ACTIVITY
Only one stretch of the data below is needed. Output the lines from the one with "BT-344842-WEB-R.jpg" up to and including the one with "Fly House Depandance *", exactly as they stand.

[Data records]
----

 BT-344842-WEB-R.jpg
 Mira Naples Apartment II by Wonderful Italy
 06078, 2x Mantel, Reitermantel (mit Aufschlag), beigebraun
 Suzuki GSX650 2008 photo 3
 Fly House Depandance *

----

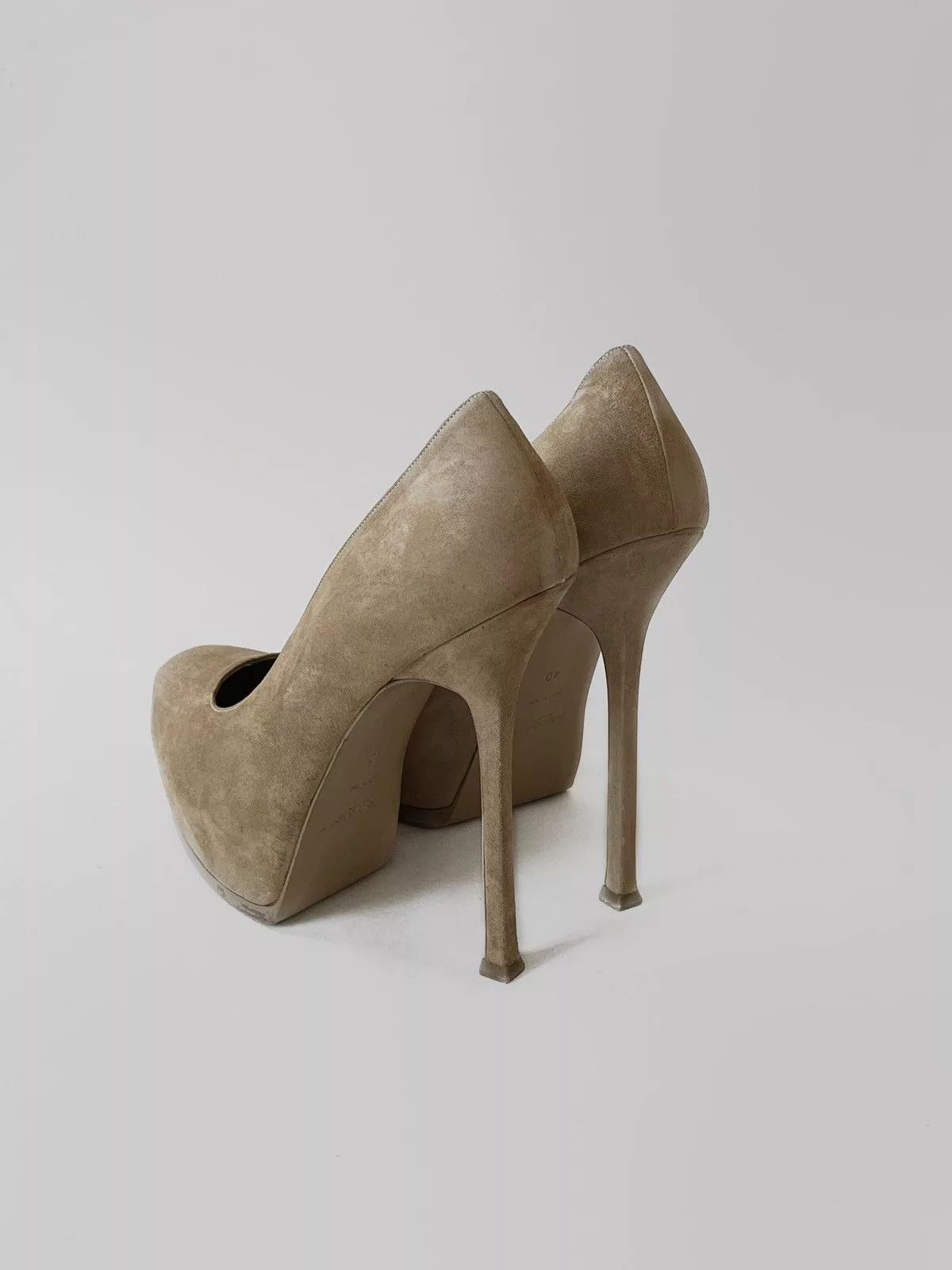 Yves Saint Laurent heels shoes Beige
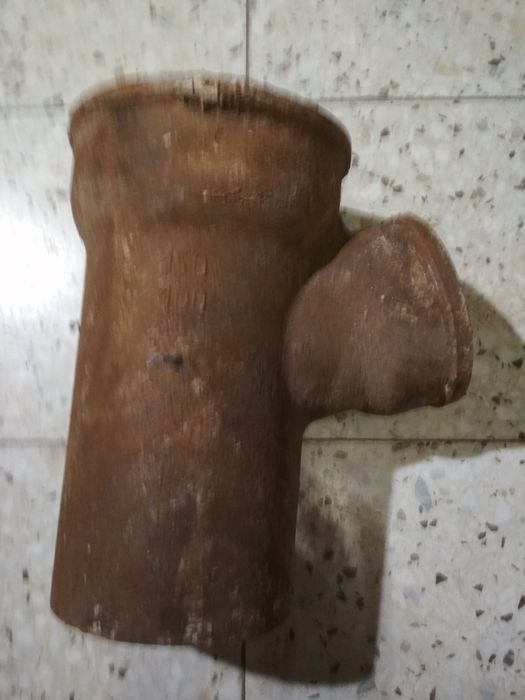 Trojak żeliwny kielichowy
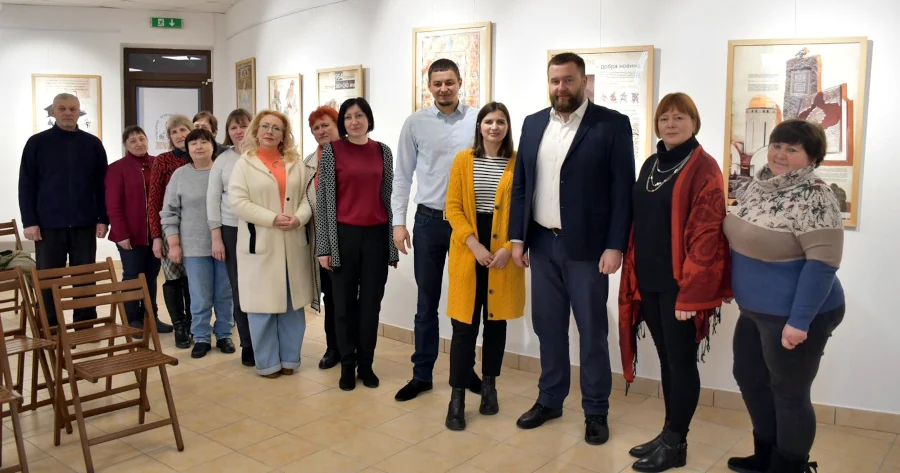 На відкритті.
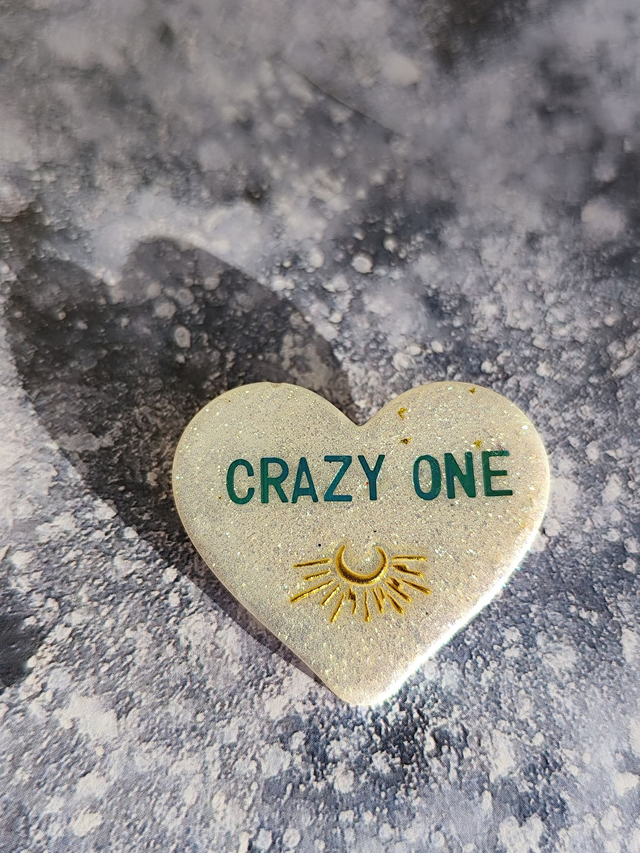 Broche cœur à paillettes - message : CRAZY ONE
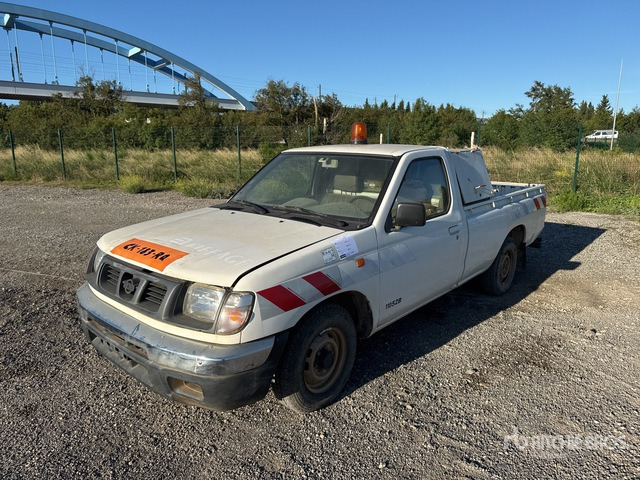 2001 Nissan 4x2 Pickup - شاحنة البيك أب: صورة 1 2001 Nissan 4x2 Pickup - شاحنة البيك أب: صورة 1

----

FINAL ANSWER
 BT-344842-WEB-R.jpg
 Mira Naples Apartment II by Wonderful Italy
 06078, 2x Mantel, Reitermantel (mit Aufschlag), beigebraun
 Suzuki GSX650 2008 photo 3
 Fly House Depandance *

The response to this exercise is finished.